Computer Science 3675
Summer 2004
Programming Assignment 6

Due: Tuesday, July 27

The following is a very simple grammar for a tiny subset of English.

   <sentence>            ::= <noun-phrase> <verb-phrase>
                           | <noun-phrase> is <adjective>
   <noun-phrase>         ::= <proper-noun> 
                           | <determiner> <common-noun>
                           | <determiner> <adjective> <common-noun>
   <verb-phrase>         ::= <transitive-verb> <noun-phrase>
   <determiner>          ::= a | the
   <proper-noun>         ::= archie | jughead | betty | veronica
   <common-noun>         ::= malt | hamburger | dog | shop
   <transitive-verb>     ::= eats | likes
   <adjective>           ::= happy | hungry | sleepy
For example, here is a way to derive sentence "archie likes betty" by rewriting one nonterminal at each step.
  <sentence>    => <noun-phrase> <verb-phrase>
                => <proper-noun> <verb-phrase>
                => archie <verb-phrase>
                => archie <transitive-verb> <noun-phrase>
                => archie likes <noun-phrase>
                => archie likes <proper-noun>
                => archie likes betty

A parser takes a purported sentence as input, and either finds a derivation of the sentence (and so claims that the input is, in fact, a sentence) or claims that the input is not a sentence at all.

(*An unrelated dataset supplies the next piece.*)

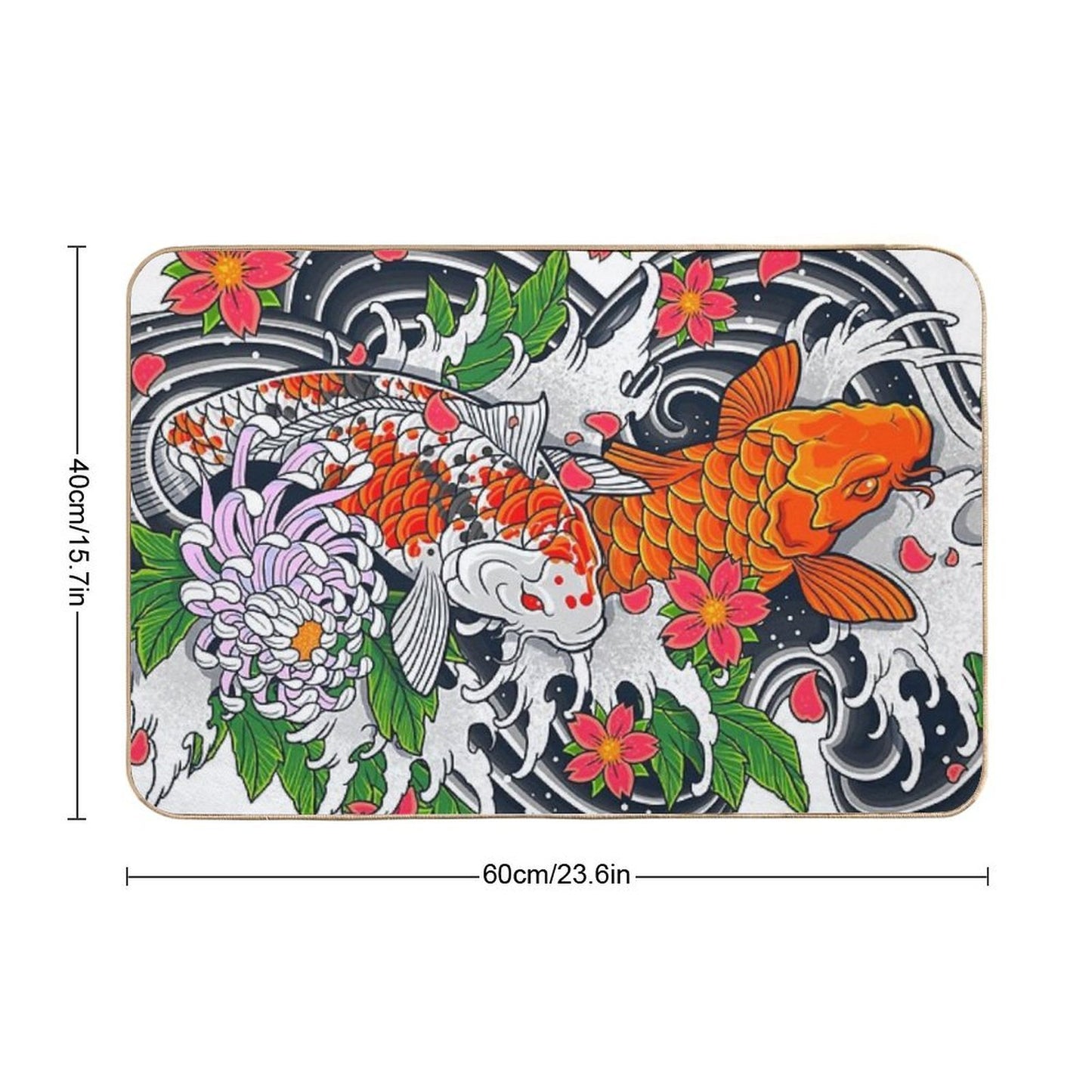 Koi Fish Pond  Eco-Friendly Bath Mat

Logic programming makes it easy to write parsers. See page 601 and 602 for a brief discussion of parsing using the idea of a difference list. Page 624 discusses the same thing in the context of ISO Prolog, which provides a special notation for writing parsers.


Difference lists

Sometimes, it is convenient to specify a list as a difference of two other lists. If A and B are lists, where B is a suffix of A, then the list A-B is defined to be the list X such that A = X ++ B. For example, [archie,likes,the,hamburger] - [the,hamburger] = [archie,likes]. That is, A-B is the result of removing list B from the end of list A. The difference A-B is only defined when B is a suffix of A.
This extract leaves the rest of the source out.